Cantilever Beam

Download mesh

Introduction

This example is a steady-state incompressible flow analysis example. This is a 1-way Fluid Structure Interaction(FSI) example to determine how a cantilever beam is deformed by air entering from the inlet region.

The cantilever beam is 5 mm thick, 50 mm long, and 150 mm high. We model only half of it and impose a symmetry boundary condition.

The geometry and mesh are shown in the figure below.

Simulation conditions are as follows.

  • solver : buoyantSimpleNFoam
  • turbulence model : $Standard$ $k-epsilon$
  • density : 1.225 $kg/m^3$
  • viscosity : 1.79e-5 $kg/ms$
  • flow condition : 80 $m/s$ at inlet

Start BaramFlow and load mesh

Run the program and select ‘New Case’ from the launcher. In the launcher, select Pressure-based for ‘Solver Type’ and None for ‘Multiphase Model’.

Use the given polyMesh folder. In the top tab, click [File]-[Load Mesh]-[OpenFOAM] in that order and select the polyMesh folder.

General

For this example, we’ll use default conditions.

Models

For this example, we’ll use Standard $k-epsilon$ model for turbulence.

Materials

For this example, we will use the properties of air.

Boundary Conditions

Each boundary condition is set as follows

  • Hex6_1_xMin : velocity Inlet
    • Velocity Specfication Method : Magnitude, Normal to Boundary
    • Profile Type : Constant
    • Velocity Magnitude : 80 (m/s)
    • Turbulent Intensity : 1 (%)
    • Turbulent Viscosity Ratio : 10

  • Hex6_1_zMax : velocity Inlet
    • Velocity Specfication Method : Component
    • Profile Type : Constant
    • X-Velocity : 80 (m/s)
    • Y-Velocity : 0 (m/s)
    • Z-Velocity : 0 (m/s)
    • Turbulent Intensity : 1 (%)
    • Turbulent Viscosity Ratio : 10

  • Hex6_1_xMax : Pressure Outlet
    • Pressure : 0 (Pa)

  • Hex6_1_yMin, Hex6_1_yMax : Symemtry
  • cantileverBeam_surface_0, Hex6_1_zMin : Wall
    • Velocity Condition : No Slip

Numerical Conditions

In this example, we’ll change the settings as shown below.

  • Pressure-Velocity Coupling Scheme : SIMPLEC
  • Discretization Scheme
    • Momentum : Second Order Upwind
    • Turbulence : First Order Upwind
  • Under-Relaxation Factors
    • Pressure : 0.9
    • Momentum : 0.9
    • Turbulence : 0.9
  • Convergence Criteria
    • Pressure : 0.001
    • Momentum : 0.001
    • Turbulence : 0.001

Monitor

In this example, we will monitor the force on the Cantilever. Go to [Monitors]-[Add]-[Forces] and select cantileverBeam_surface_0.

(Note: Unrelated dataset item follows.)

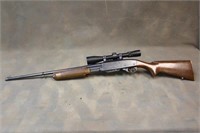 Remington Gamemaster 760 39491 Rifle .30-06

Then, set up the Surface Montior as shown below.

Initialization

Change the values as shown below

  • Velocity
    • X-Velocity : 80 (m/s)
    • Y-Velocity : 0 (m/s)
    • Z-Velocity : 0 (m/s)
  • Pressure
    • 0 (Pa)
  • Turbulence
    • Scale of Velocity : 80 (m/s)
    • Turbulent Intensity : 0.1 (%)
    • Turbulent Viscosity Ratio : 10

Enter the value and click the Initialize button at the bottom. Then click the [File]-[Save] menu to save the case file.

Run

Change the values as shown below, and click [Start Calculation] button.

  • Number of Iterations : 1,000
    • Save Interval : 100
    • Data Write Format : Binary
  • Selct [Parallel]-[Environment] in menu. Set Number of Cores as you want and select [Local Machine] for [Parallel Type].

When the calculation is started, you’ll see a graph of Residuals as shown below.

Post-processing

To start post-processing, click the ParaView button in [External tools].

We will plot the pressure field around a cantilever.

Change the Case Type to Decomposed Case.

Click the Slice button to cut a cross section.

Change the Axis Direction to Y Normal and the Origin to (200, 115, 125).

Then change the p at the top to p_rgh.

The pressure distribution around the cantilever is shown in the figure below.